If you will do a deal at any price, as Donny says "you have no cards". https://en.wikipedia.org/wiki/Best_alternative_to_a_negotiat...

Negotiation with the government is also done in Australia. The drug is not banned here though if there's no agreement. It's just not publicly funded.

You understand the US is the most expensive place in the world for medicine right.

If you don't change your strategy this won't change. https://www.comparethemarket.com.au/health-insurance/feature...


> Negotiation with the government is also done in Australia. The drug is not banned here though if there's no agreement. It's just not publicly funded.

A tariff isn't a ban either. Imposing a tariff and eliminating a subsidy are both just ways of reducing a foreign drug maker's sales in a local market by making the product more expensive.

Fundamentally, neither Australia nor the U.S. can force companies located in Switzerland or Denmark to sell them drugs at a particular rate. The only leverage they have is hurting drug maker's sales by reducing the demand in the local market.

> You understand the US is the most expensive place in the world for medicine right... If you don't change your strategy this won't change.

The executive negotiating with drug manufacturers is a dramatic change in strategy from what the U.S. has done before.


The EU should abandon the stupid Commission structure and have a real Parliament that can actually draft legislation. The current one can just vote down legislation drafted by the Commission.

What they ought to do is have a process for passing EU-wide laws where they get introduced by a popularly elected legislature but to be enacted they also have to be approved by the majority of the legislatures of the member states. That gives you a good check on centralized power grabs because the member states have to approve anything that could usurp their role, but you can still pass things that make sense at that level like a common set of antitrust rules.

That’s similar to the original US model, except instead of the member state legislatures directly approving legislation, they appointed two proxies to the federal Senate. It’s a good system.

But being able to originate legislation in the directly elected legislature is important. Even the original U.S. constitutional design, which was quite anti-populist, made the directly elected House the main originator of legislation. (Either the House or Senate could do it, but only the House could introduce appropriations bills giving it primacy in the legislative process.)


Isn't that how QMV works?

The current system is new legislation has to be drafted by the Commission, which is the indirectly elected executive branch. That allows what would otherwise be popular proposals to never even be introduced.
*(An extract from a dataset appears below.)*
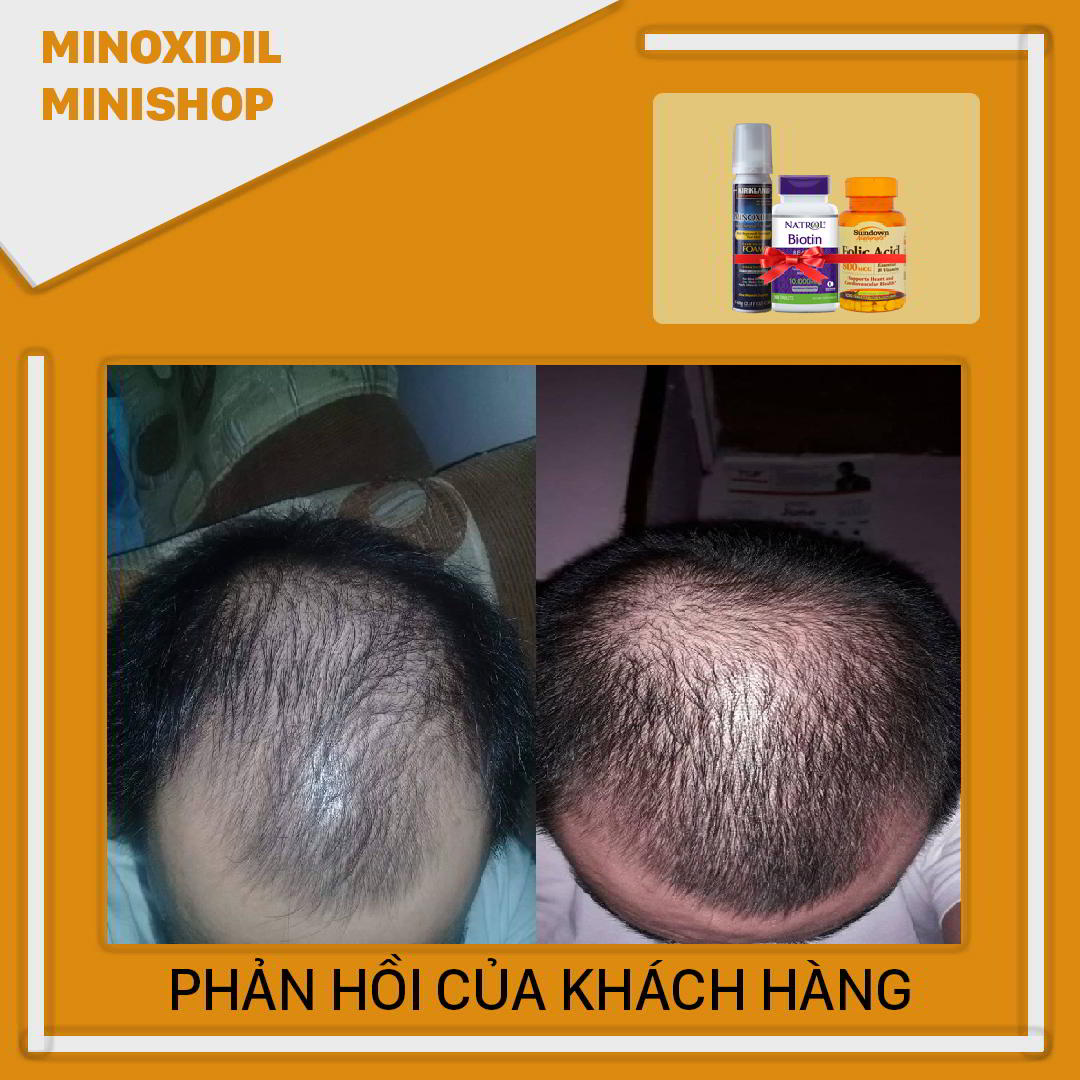 Minoxidil 5% Dạng Bọt Mọc Râu Tóc Combo Biotin Folic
Whereas if you have legislation introduced by the directly elected body, popular proposals at least get a public debate and people get to see what they are and who is blocking them, but you still ultimately want the check on power grabs and populist nonsense before it actually gets enacted.

NO! Laws should be drafted by lawyers and professionals in those fields. An election would select lawmakers by popularity contest. Can't expect good laws from tht kind of people.
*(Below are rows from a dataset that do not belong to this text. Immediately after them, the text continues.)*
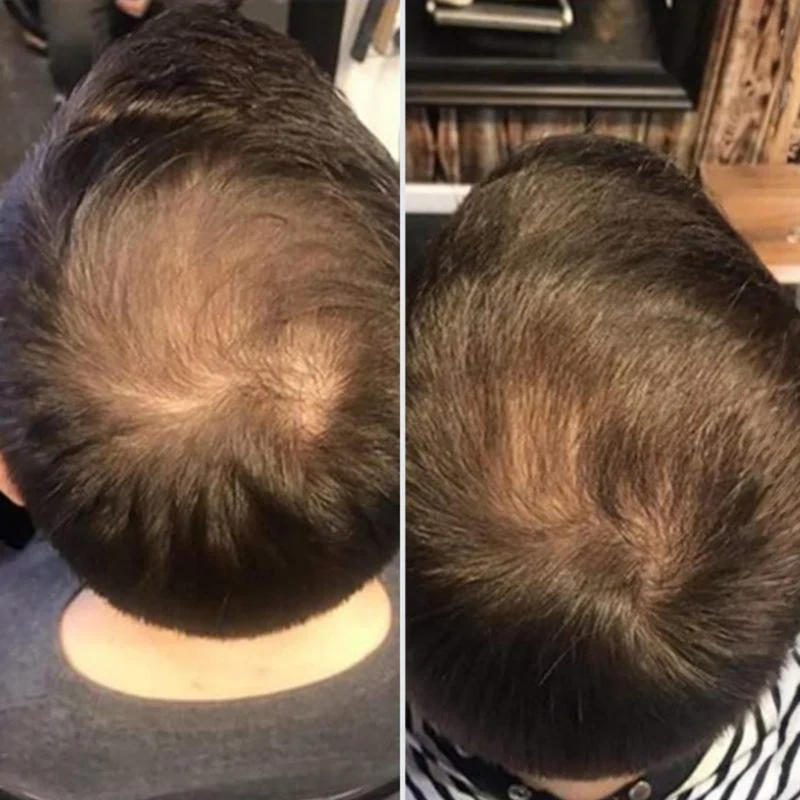 Après-shampooing grow perfect
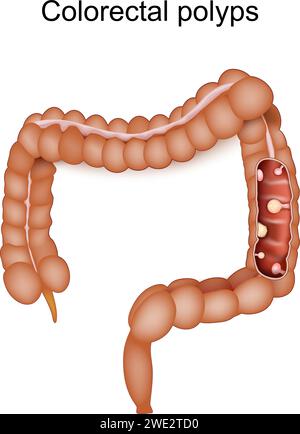 Polipi colorettali e cancro del colon. Intestino crasso umano con conseguenza di malattia infiammatoria intestinale. Illustrazione vettoriale Illustrazione Vettoriale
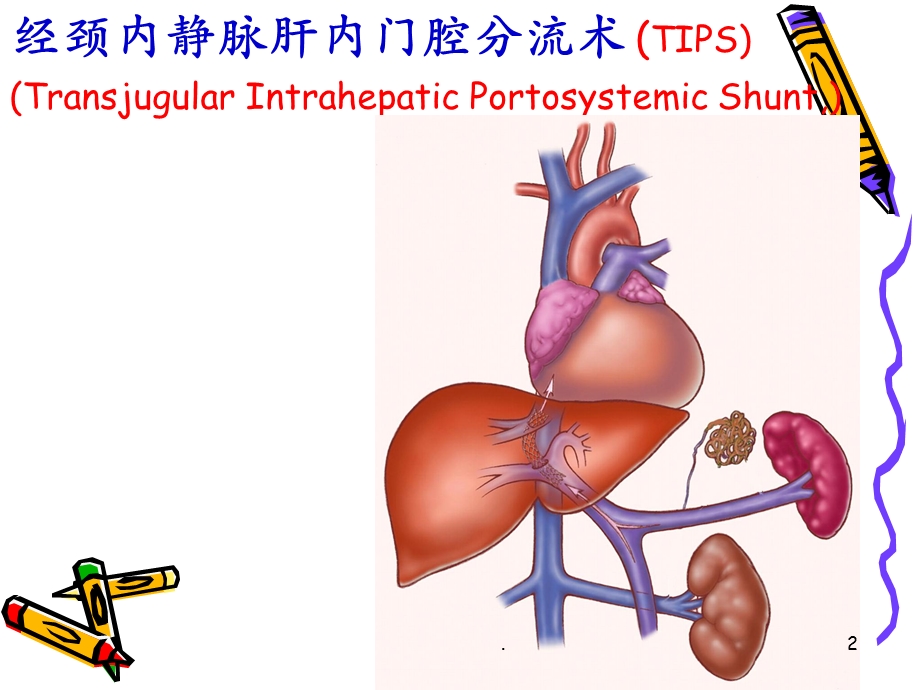 TIPS技术报告课件.ppt_第2页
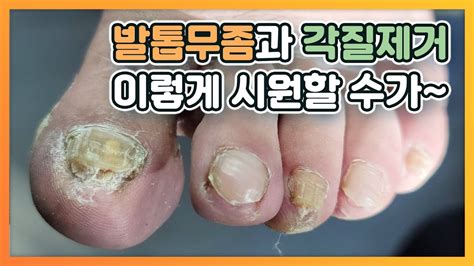 발톱무좀과 각질제거 이렇게 시원할 수가~ Youtube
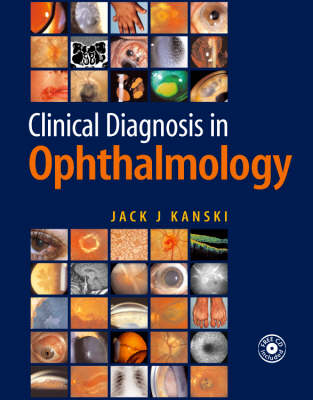 Clinical Diagnosis in Ophthalmology - Jack J. Kanski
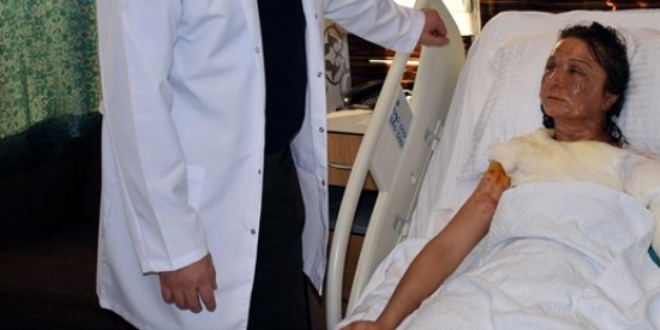 Uyuyan gelininin üzerine kızgın yağ döktü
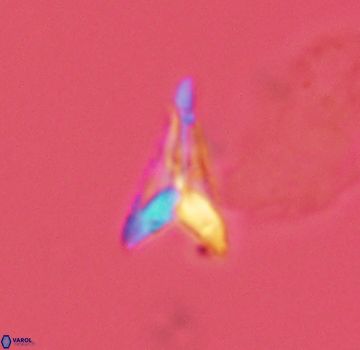 Ceratolithoides aculeus 3981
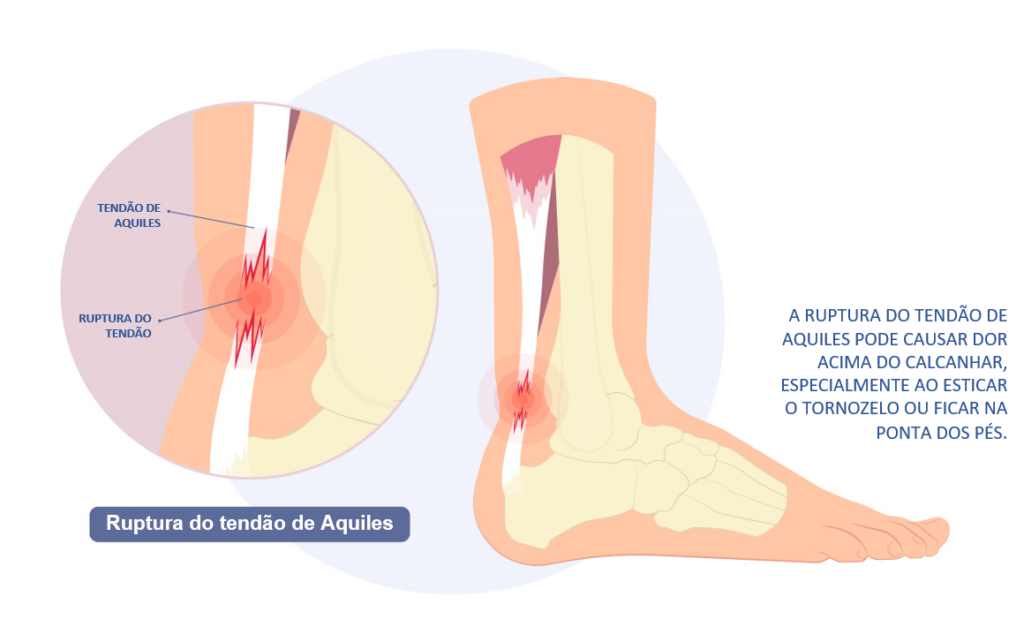 Ruptura do tendão de Aquiles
What's needed is accountability for drafted laws and removal of those who repeatedly draft laws rejected by parliament.


> and removal of those who repeatedly draft laws rejected by parliament.
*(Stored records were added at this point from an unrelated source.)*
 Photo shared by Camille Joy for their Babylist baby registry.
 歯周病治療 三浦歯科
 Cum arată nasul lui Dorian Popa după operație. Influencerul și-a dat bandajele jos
While I believe I understand where you are coming from, this seems unduly broad and harsh.

What limit on time, number of attempts, etc. whould we apriori in advance place on laws like equality, climate monitoring, abortion rights, etc. before the gate is dropped on any more of that kind of thing?


Limits should not be placed on laws, but on law authors. Each one with his own count of rejected laws. Like this: author signs some drafts, drafts go to parliament, N drafts rejected -> author dismissed from Eu commision. It could even be a ratio of adopted laws vs. rejected laws. Drop below threshold -> dismissed.

> An election would select lawmakers by popularity contest

That’s democracy.


And that's one of the main disadvantages of it. EU is trying to avoid those if possible, while still maintaining democracy's advantages. So far, this Commision / Parliament setup seems to be working just fine.